> WHAT TO WORK ON: For this exercise, return only the lines in the records below from the one holding "Smith & Wesson" through the one holding "Eine Frau sitzt neben einem Bücherregal.", including both, exactly as they appear and without pictures.

> SUPPLIED INFORMATION:
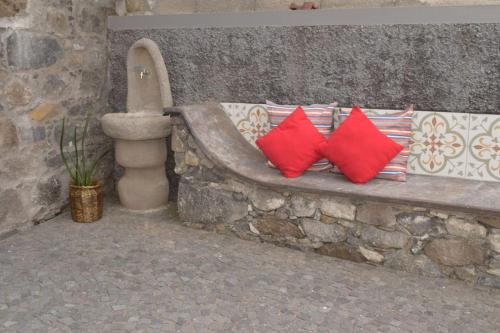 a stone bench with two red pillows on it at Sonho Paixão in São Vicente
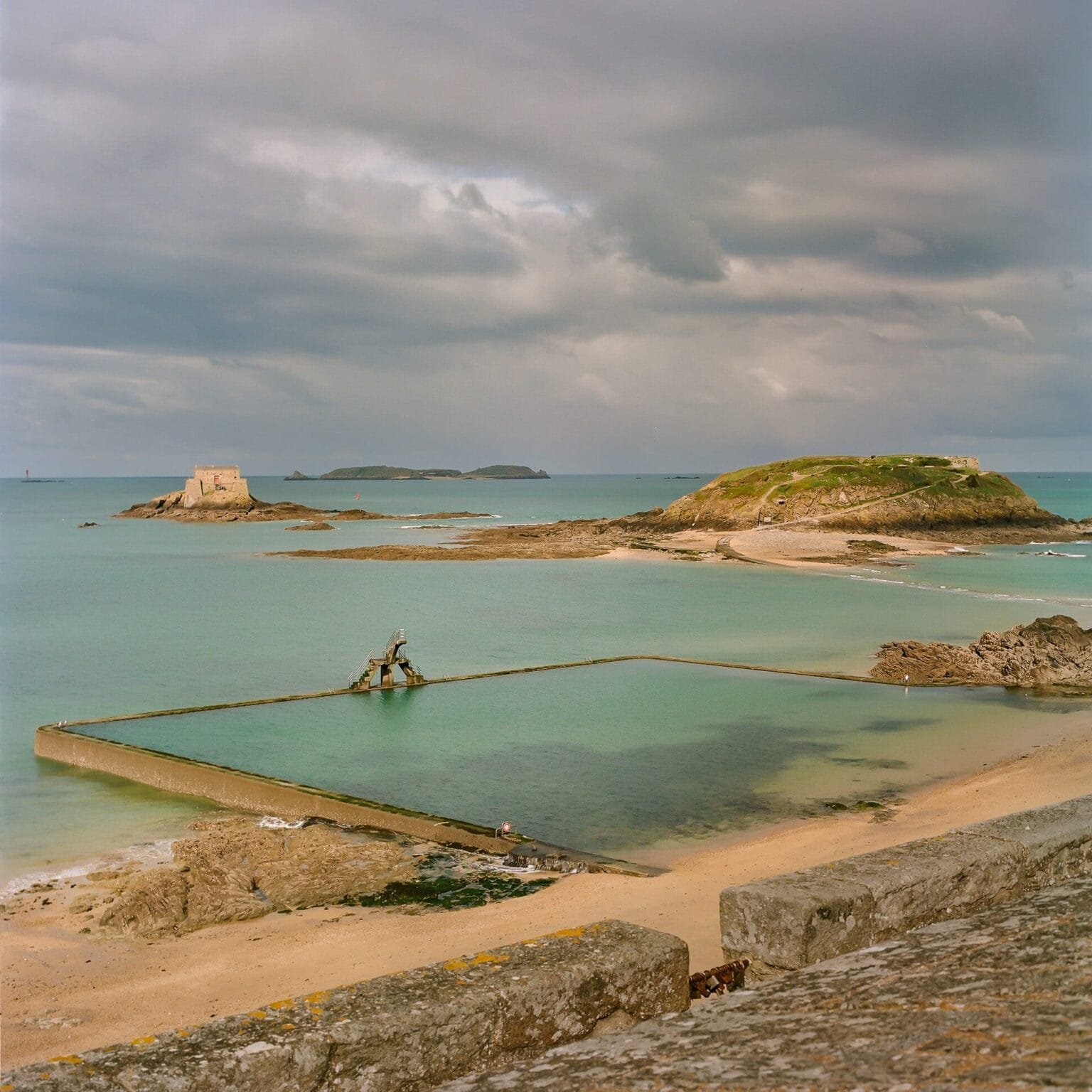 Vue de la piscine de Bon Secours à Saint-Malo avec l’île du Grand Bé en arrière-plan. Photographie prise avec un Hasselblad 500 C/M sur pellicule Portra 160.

...

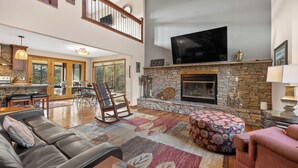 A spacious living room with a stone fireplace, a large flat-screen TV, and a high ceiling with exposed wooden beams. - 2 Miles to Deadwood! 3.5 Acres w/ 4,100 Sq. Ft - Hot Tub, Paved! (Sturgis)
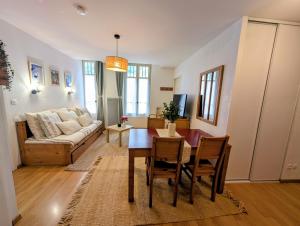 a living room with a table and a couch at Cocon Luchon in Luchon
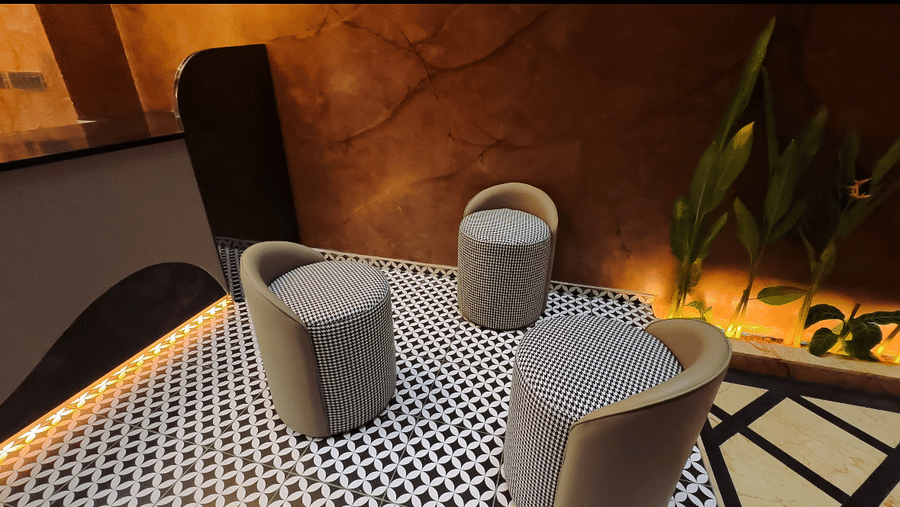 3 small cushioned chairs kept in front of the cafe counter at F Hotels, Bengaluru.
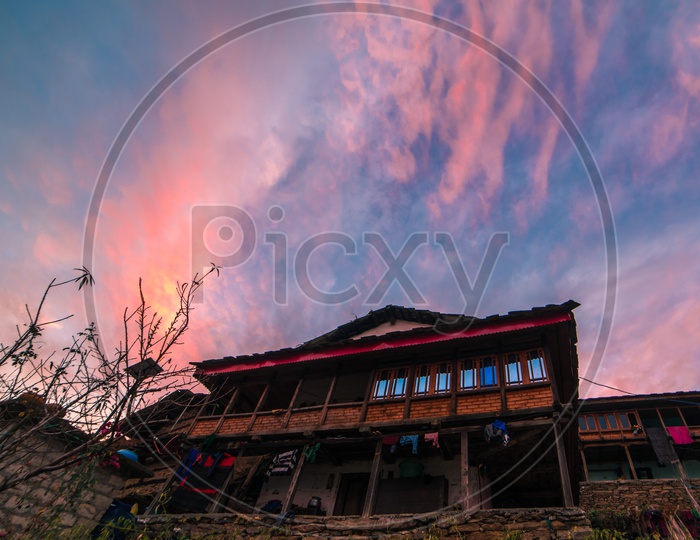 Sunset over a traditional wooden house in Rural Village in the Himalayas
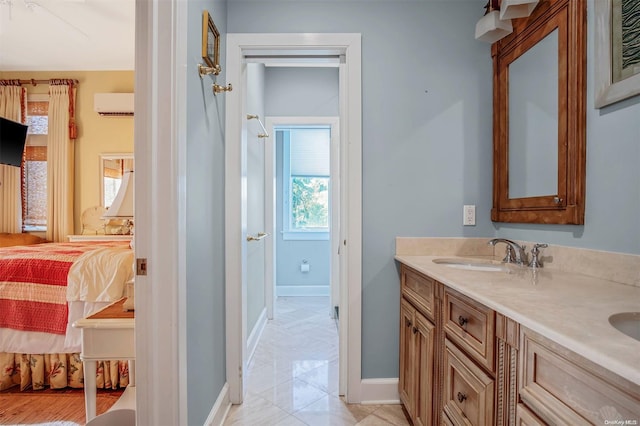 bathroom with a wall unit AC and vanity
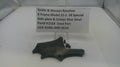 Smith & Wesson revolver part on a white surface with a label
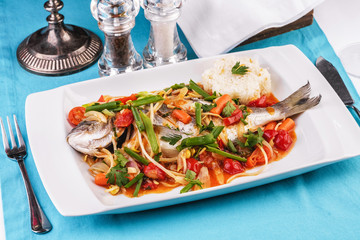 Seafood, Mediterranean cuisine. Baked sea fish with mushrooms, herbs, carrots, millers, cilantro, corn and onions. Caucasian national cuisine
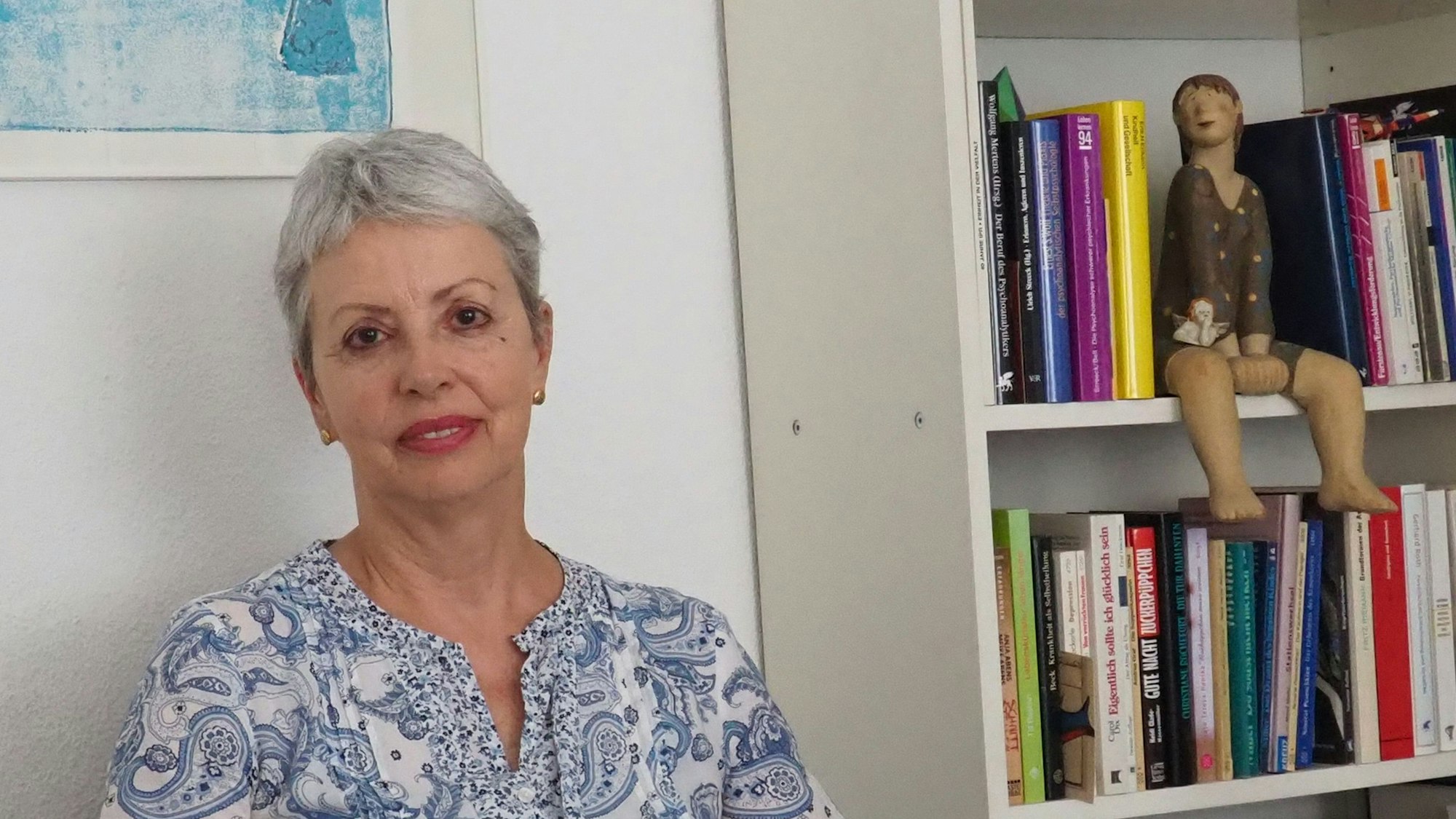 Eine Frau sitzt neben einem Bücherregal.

...

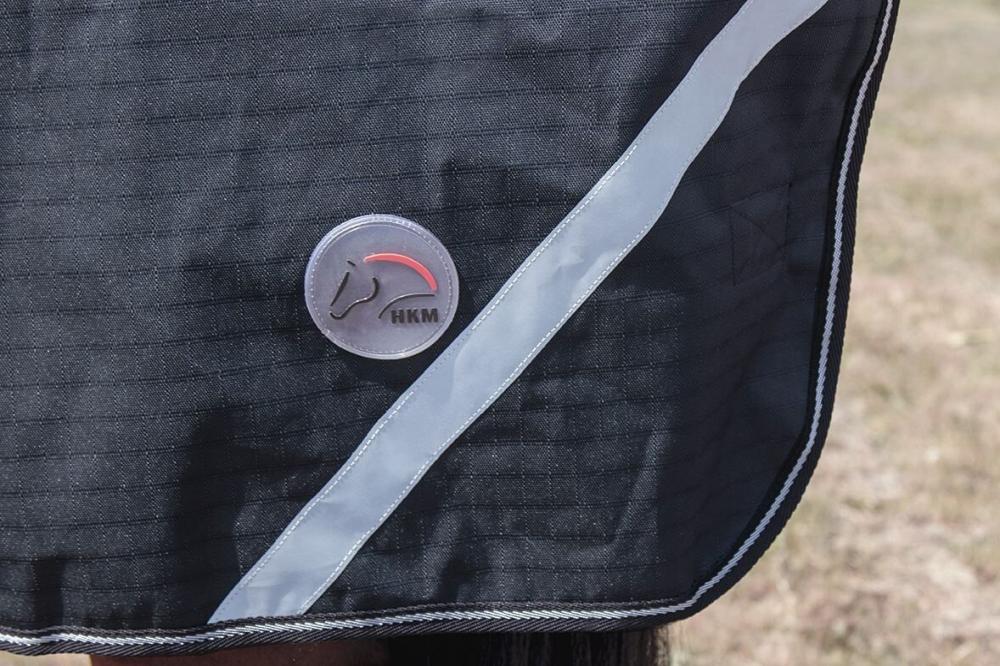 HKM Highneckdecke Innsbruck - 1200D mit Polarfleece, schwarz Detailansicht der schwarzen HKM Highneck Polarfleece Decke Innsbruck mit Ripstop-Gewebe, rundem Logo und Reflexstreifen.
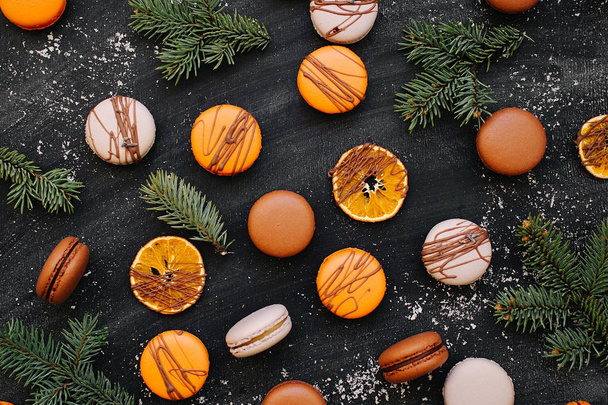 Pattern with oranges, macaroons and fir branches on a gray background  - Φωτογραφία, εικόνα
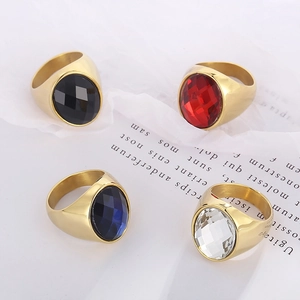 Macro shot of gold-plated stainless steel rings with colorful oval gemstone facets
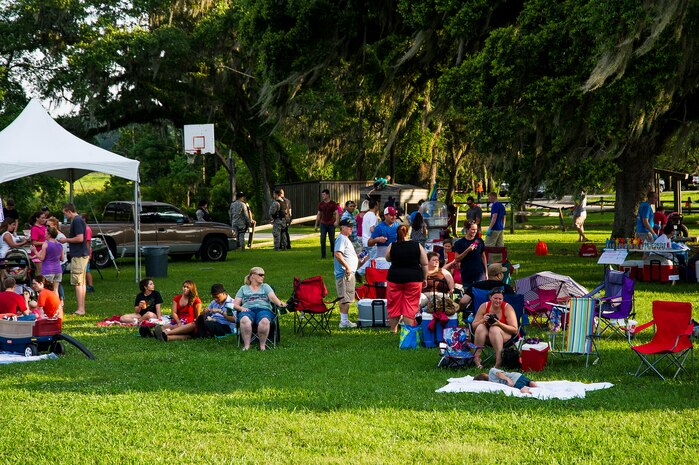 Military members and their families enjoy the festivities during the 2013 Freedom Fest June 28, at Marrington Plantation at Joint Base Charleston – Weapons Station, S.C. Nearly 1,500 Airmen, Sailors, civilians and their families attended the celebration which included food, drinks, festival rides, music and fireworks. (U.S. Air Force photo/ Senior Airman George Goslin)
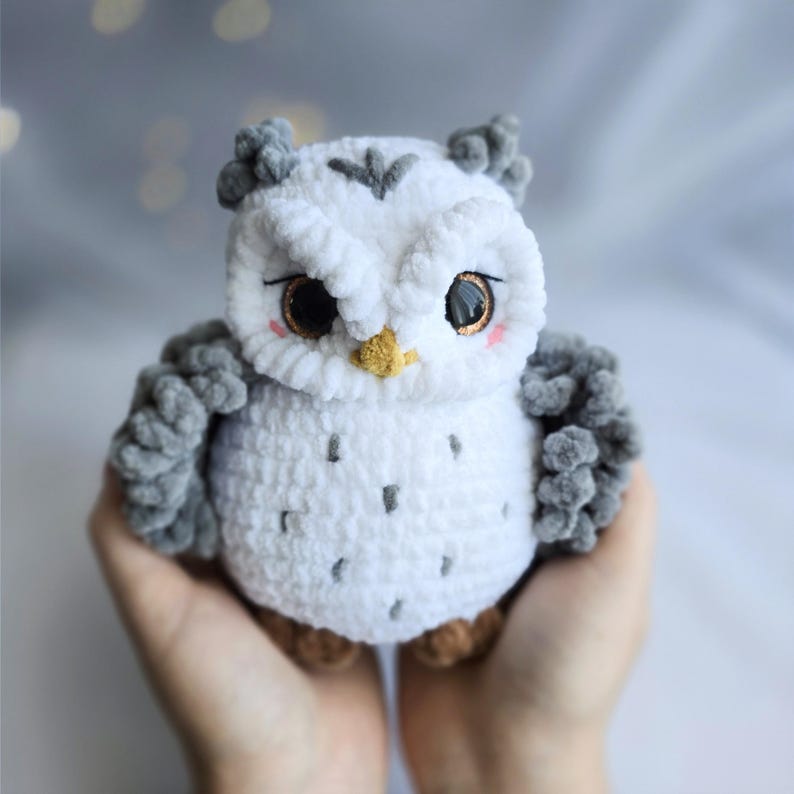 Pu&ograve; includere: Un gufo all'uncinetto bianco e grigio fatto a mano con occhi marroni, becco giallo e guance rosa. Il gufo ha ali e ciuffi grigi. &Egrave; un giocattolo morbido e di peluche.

> YOUR SOLUTION:
 Smith & Wesson revolver part on a white surface with a label
 Seafood, Mediterranean cuisine. Baked sea fish with mushrooms, herbs, carrots, millers, cilantro, corn and onions. Caucasian national cuisine
 Eine Frau sitzt neben einem Bücherregal.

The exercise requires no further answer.